Problem details:
Here is the listing. Report each line in it that contains the string "Synthetic".

Dataset entries:
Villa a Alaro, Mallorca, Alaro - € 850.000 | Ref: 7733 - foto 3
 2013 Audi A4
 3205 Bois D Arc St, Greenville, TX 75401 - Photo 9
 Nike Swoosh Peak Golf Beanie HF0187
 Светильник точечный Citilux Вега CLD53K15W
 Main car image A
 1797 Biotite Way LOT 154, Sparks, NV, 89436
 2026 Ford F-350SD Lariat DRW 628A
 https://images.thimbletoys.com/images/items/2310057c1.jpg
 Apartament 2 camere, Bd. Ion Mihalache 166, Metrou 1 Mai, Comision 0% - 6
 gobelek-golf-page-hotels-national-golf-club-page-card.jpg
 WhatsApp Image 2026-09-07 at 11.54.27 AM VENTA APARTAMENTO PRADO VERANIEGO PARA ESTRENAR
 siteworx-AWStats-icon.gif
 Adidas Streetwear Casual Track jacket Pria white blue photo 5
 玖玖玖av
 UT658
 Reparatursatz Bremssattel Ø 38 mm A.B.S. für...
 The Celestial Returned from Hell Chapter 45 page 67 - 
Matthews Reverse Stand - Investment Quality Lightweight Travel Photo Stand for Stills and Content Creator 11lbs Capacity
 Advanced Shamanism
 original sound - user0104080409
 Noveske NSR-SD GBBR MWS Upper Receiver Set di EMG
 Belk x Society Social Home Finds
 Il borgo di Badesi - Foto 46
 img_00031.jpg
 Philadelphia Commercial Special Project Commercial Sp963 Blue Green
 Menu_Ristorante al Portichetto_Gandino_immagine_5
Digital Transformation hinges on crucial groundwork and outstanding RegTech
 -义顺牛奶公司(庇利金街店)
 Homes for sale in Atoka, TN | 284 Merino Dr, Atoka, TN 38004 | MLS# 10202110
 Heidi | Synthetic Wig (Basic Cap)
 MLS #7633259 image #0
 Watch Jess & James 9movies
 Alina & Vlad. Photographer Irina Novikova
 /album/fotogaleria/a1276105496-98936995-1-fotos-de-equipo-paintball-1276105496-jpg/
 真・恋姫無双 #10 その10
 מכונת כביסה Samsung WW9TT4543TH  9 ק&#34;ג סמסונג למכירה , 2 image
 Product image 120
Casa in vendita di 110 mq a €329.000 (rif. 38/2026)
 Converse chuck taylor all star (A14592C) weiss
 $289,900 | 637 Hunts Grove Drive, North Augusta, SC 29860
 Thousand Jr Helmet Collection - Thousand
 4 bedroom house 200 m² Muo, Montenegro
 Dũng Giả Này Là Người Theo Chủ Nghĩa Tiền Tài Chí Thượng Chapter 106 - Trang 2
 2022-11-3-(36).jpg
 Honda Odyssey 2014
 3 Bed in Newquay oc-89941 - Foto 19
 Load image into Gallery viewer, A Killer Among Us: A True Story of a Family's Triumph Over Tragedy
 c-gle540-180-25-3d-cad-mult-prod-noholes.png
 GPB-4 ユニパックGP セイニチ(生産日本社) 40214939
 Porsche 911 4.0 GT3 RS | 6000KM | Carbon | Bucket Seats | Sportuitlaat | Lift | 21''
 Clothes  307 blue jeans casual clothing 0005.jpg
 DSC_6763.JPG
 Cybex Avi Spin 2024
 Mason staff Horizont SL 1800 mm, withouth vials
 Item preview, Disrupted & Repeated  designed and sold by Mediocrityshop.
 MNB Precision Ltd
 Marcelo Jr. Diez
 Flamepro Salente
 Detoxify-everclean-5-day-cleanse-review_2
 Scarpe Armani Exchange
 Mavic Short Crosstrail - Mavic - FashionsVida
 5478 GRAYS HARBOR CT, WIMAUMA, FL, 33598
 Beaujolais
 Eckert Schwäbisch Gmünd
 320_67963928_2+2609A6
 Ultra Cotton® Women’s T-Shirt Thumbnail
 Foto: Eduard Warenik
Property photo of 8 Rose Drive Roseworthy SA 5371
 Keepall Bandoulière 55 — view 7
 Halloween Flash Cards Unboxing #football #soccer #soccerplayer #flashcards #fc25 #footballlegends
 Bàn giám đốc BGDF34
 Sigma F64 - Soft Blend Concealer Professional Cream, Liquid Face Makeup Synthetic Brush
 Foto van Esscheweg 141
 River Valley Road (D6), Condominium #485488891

Your solution:
 Heidi | Synthetic Wig (Basic Cap)
 Sigma F64 - Soft Blend Concealer Professional Cream, Liquid Face Makeup Synthetic Brush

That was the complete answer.